-- Material supplied --
BEGIN
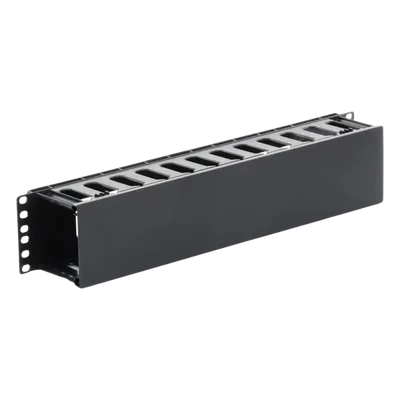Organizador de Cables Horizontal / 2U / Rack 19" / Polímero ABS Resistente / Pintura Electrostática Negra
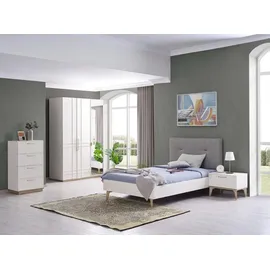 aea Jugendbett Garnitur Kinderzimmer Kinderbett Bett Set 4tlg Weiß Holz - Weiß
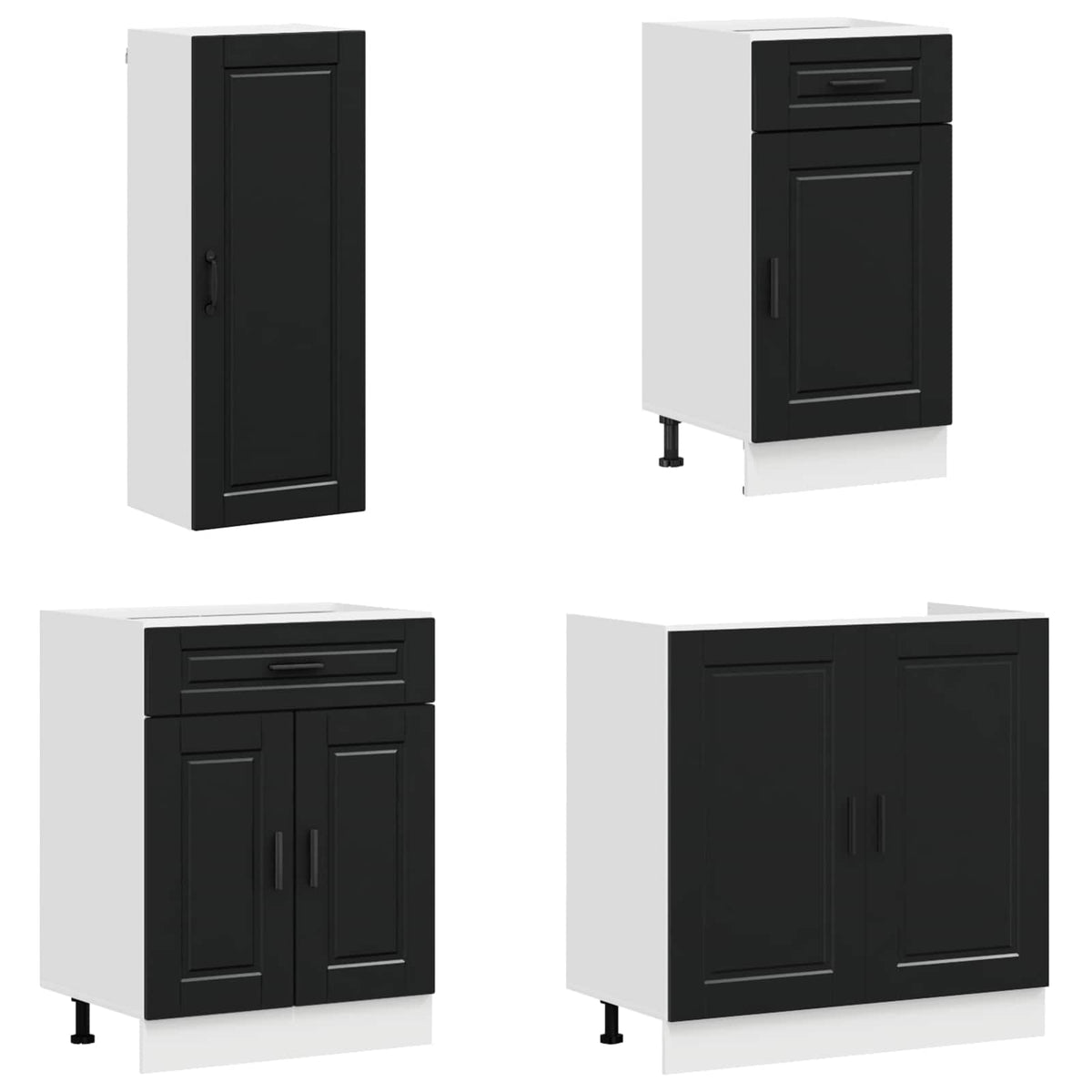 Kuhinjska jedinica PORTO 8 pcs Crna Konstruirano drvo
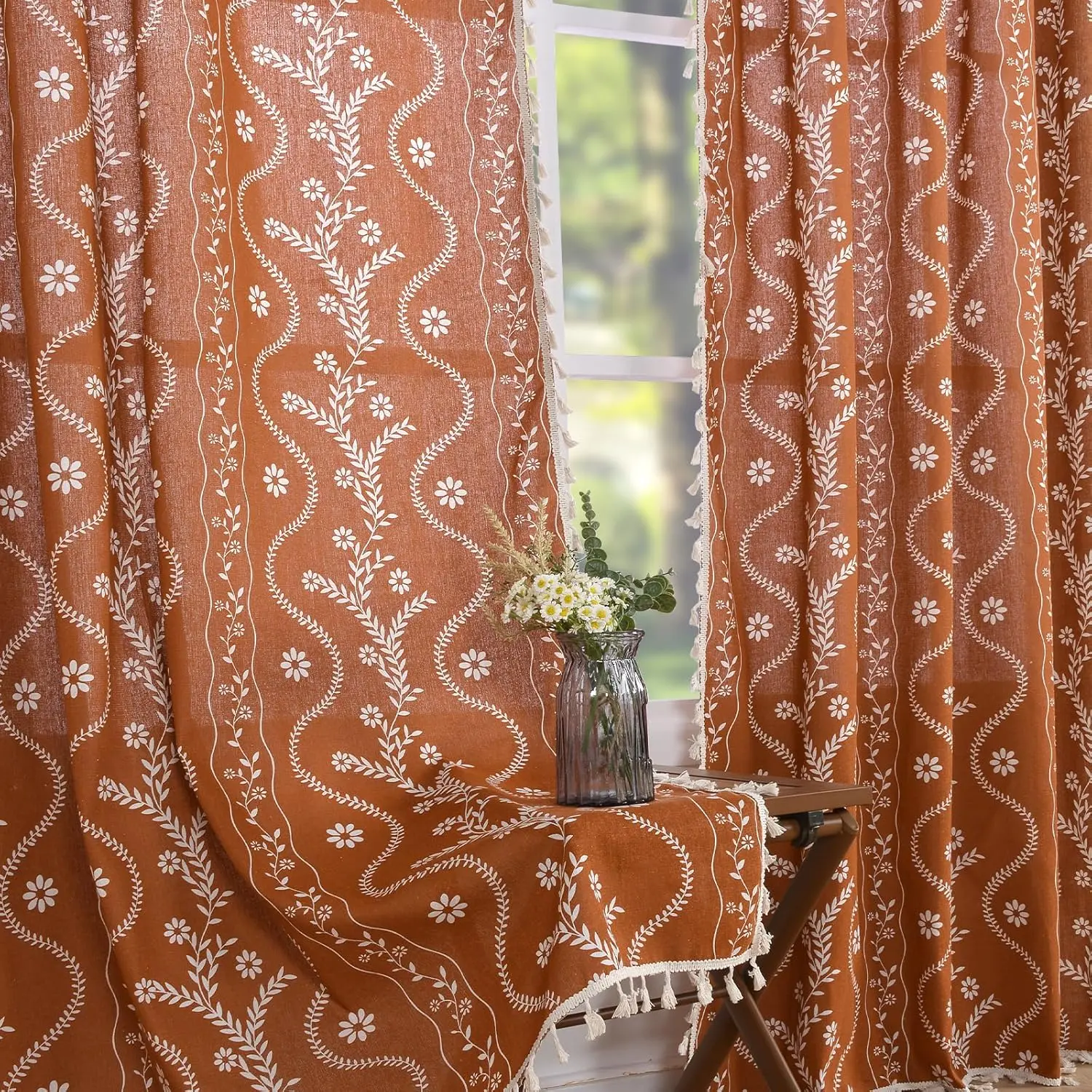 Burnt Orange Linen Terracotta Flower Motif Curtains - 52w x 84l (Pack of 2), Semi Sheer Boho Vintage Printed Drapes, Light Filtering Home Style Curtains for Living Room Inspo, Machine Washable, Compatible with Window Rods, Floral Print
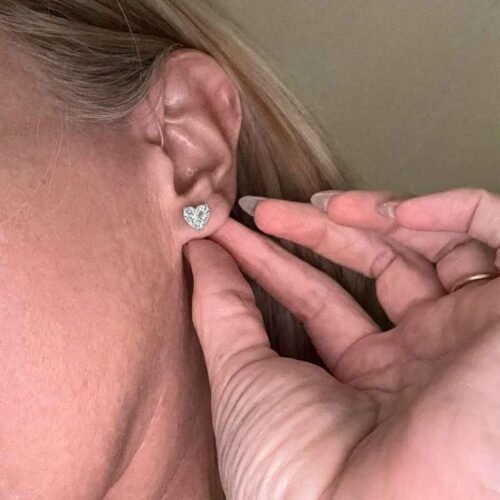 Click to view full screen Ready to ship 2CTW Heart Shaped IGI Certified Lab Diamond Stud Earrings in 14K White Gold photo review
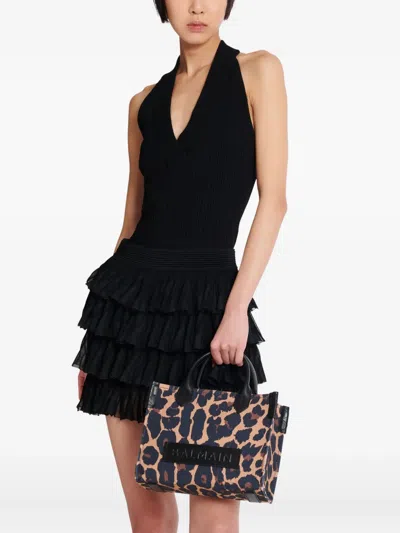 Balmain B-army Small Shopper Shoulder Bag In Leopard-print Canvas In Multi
END
BEGIN
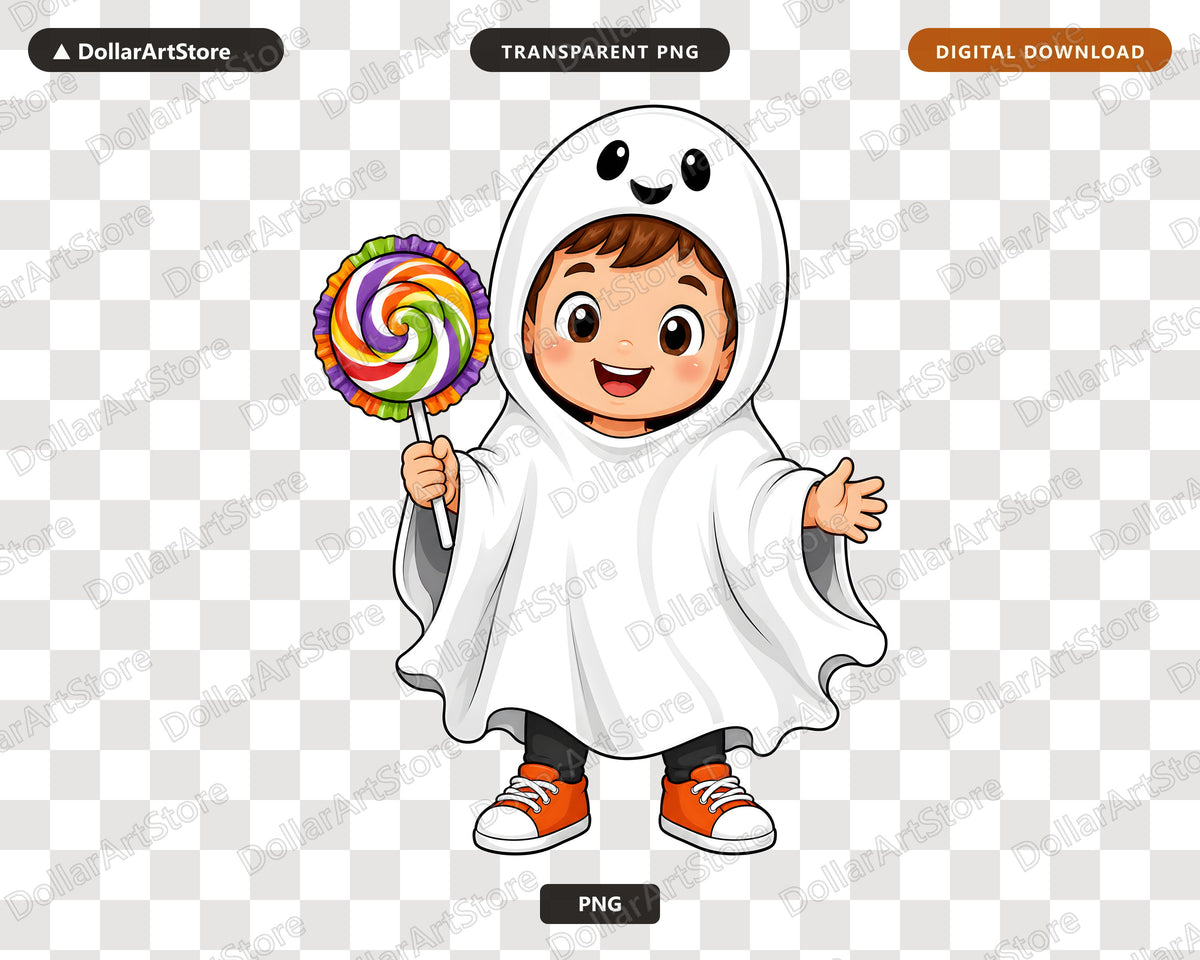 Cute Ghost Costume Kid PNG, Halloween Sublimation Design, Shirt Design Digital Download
END
-- Exercise directions --
Using the data above, return the lines from the one holding "Click to view" through the one holding "Balmain B-army Small" exactly, but not the pictures.

-- Response to this task --
 Click to view full screen Ready to ship 2CTW Heart Shaped IGI Certified Lab Diamond Stud Earrings in 14K White Gold photo review
 Balmain B-army Small Shopper Shoulder Bag In Leopard-print Canvas In Multi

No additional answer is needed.